I don’t really remember much beyond that. I am sure I went back to tell Chris and Tom. I will have to see if they have any recollection. But over the years, we got to meet Grant, saw him play various shows in Boston with the Nova Mob. I still have never met Bob or Greg. We had the honor of having Grant play some solo sets with Buffalo Tom not too, too long ago, in Chicago and at First Ave. in Minneapolis. I think I got him to sing “Diane” with me. I even drove around his home city with him during that little string of dates, in some old bomber of a sedan. He’s a good guy with a big heart, though I can’t pretend to know him much more than that. But if you had told me when I was a senior in Medfield High that I would even have this much to tell you, I would have been dazzled.
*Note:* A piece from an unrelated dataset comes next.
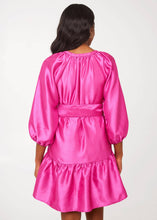 Load image into Gallery viewer, Elise Mini Dress Hot Pink Dupioni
Originally posted January 2011:

Just unearthed, these Husker Du songs with Grant Hart playing and singing with Buffalo Tom in Chicago in December 2000. Grant supported us solo on a couple of shows in the Midwest during a mini tour promoting our A-Sides collection. Also notable in his support was Howie Day, who went on to reach the heights of rock stardom, thus joining a long line of openers for BT who received our midas touch and went on to leave us in their dust: Hole; Pearl Jam; Goo Goo Dolls; Jewel…

It was a thrill for us to play with Grant, Hüsker Dü being directly influential to us when we started, as outlined a bit in this blog By the way, I have been wading into the four or five boxes in my attic that constitute the Janovitz Branch of the Buff Tom Archive and I stumbled across that article where Grant picks the first BT LP as “Album of the Decade.” I am still riding the high of that one 22 years later. I will scan it and insert it here when I find it. I have posted a bunch of scans over at the BT Facebook page. Then I have to let go of the nostalgia for a bit and BT gets ready to release our 8th LP.

I’ve always loved Grant’s songs. Here are a couple of my faves.

Pink Turns to Blue

Never Talking to You Again

3 thoughts on “CoTW 97, 98 Pink Turns to Blue, Never Talking to You Again”

  1. Hmmm…maybe BT would consider hooking up with Grant as an opener or co-headliner if you tour for the new record. He's currently do a few short dates with The Venables backing him (in conjunction with the reissue of Nova Mob's Last Days of Pompeii). That would be an awesome bill!!!

  2. John-great idea. Buffalo Tom plays first. Then Grant starts out solo, then BT comes back to back him up on Husker classics-it could work.

    Bill-saw Grant in DC for the first time last night. Great set and super nice guy!